The internal and external stimuli trigger
off four kinds of processes: perceptual/ information processing, learning,
judgement, and emotion. Under perceptual/information processing, we may
consider the person’s internal activity of selective attention, coding, and
memory. Learning involves such processes as imitation, reinforcement, and
insight. The judgement process includes problem-solving and decision-making.

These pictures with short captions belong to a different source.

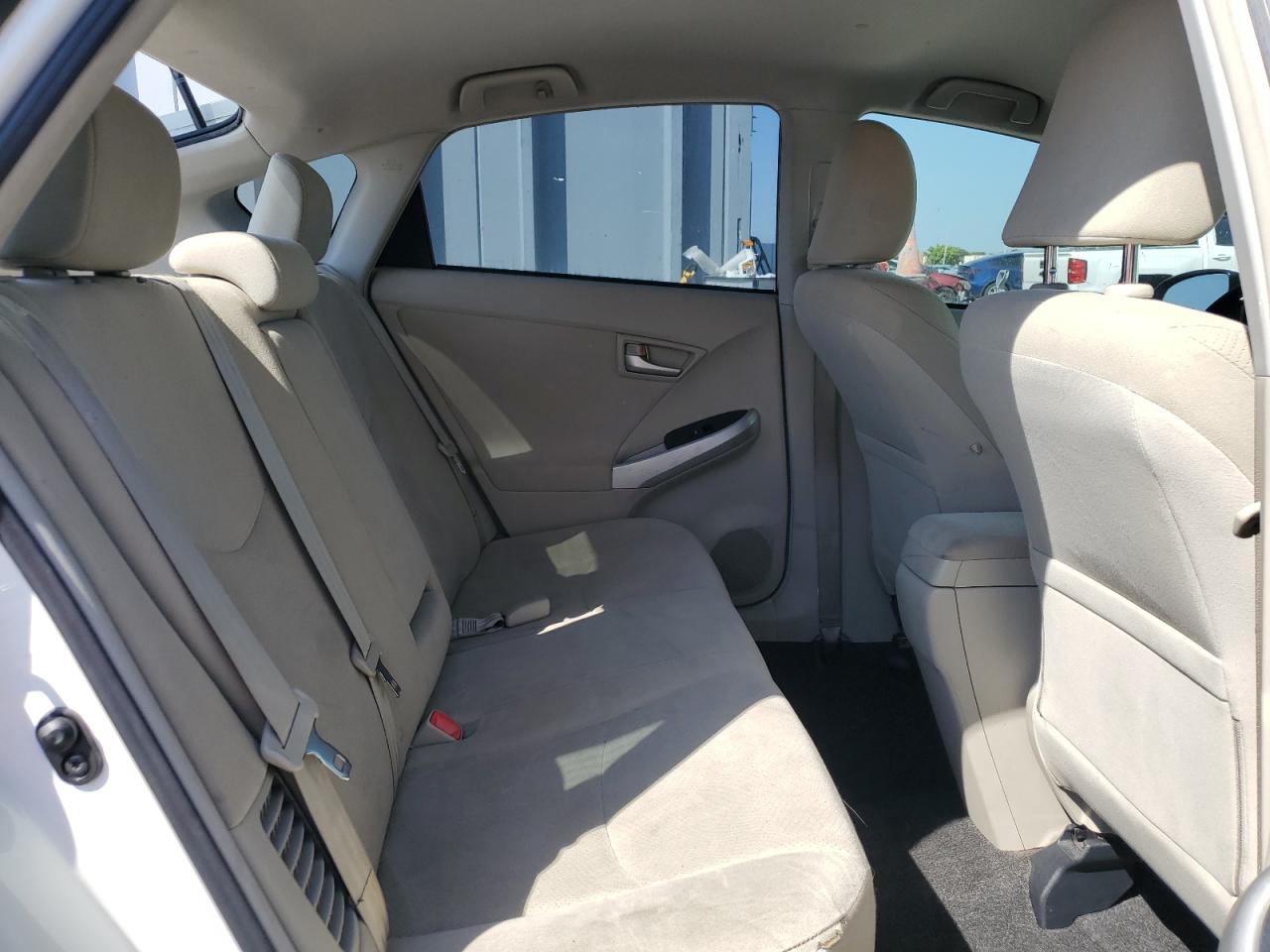 2015 Toyota Prius - Image 11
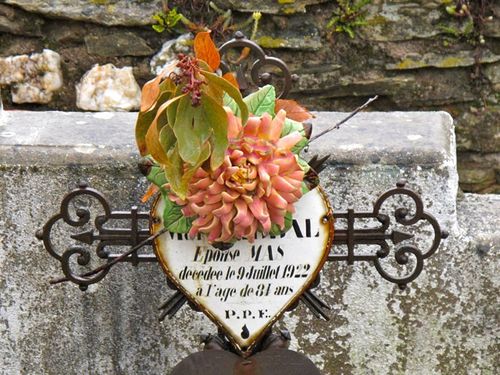 Chapelle Ste Madeleine cimetière fleurs céeramique
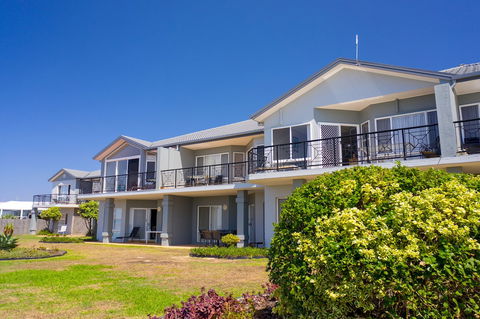 Meridian Beachside Apartments - C Tourism 1
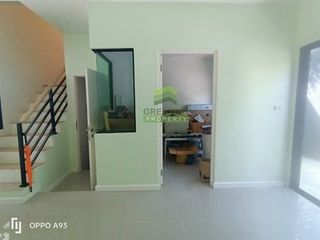Casa adosada en alquiler y en venta de 2 habitaciones en Bang Pa-in, Phra Nakhon Si Ayutthaya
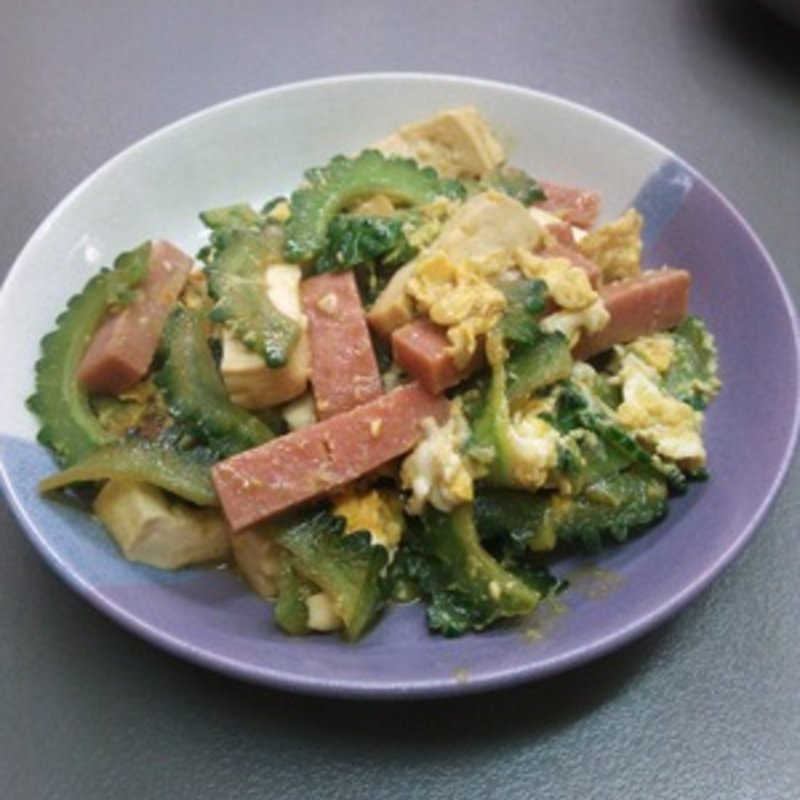 ゴーヤチャンプル(おかん )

Through the emotional pathways, the person uses defenses to seek relief and
effective appraisal and attachment.

Other amendments to the 1984 edition of her
model are in the adaptive modes. The physiological mode has been reduced to
five categories which are oxygenation, nutrition, elimination, activity and
rest, and skin integrity. The self-concept mode is reduced to two modes,
physical self and personal self; the role function and interdependence modes
remain essentially unchanged. Despite the considerable amount of written work
and development of the model, the research in practice settings using this
framework has been slow, particularly when one considers that the model has
been in existence for well over a decade.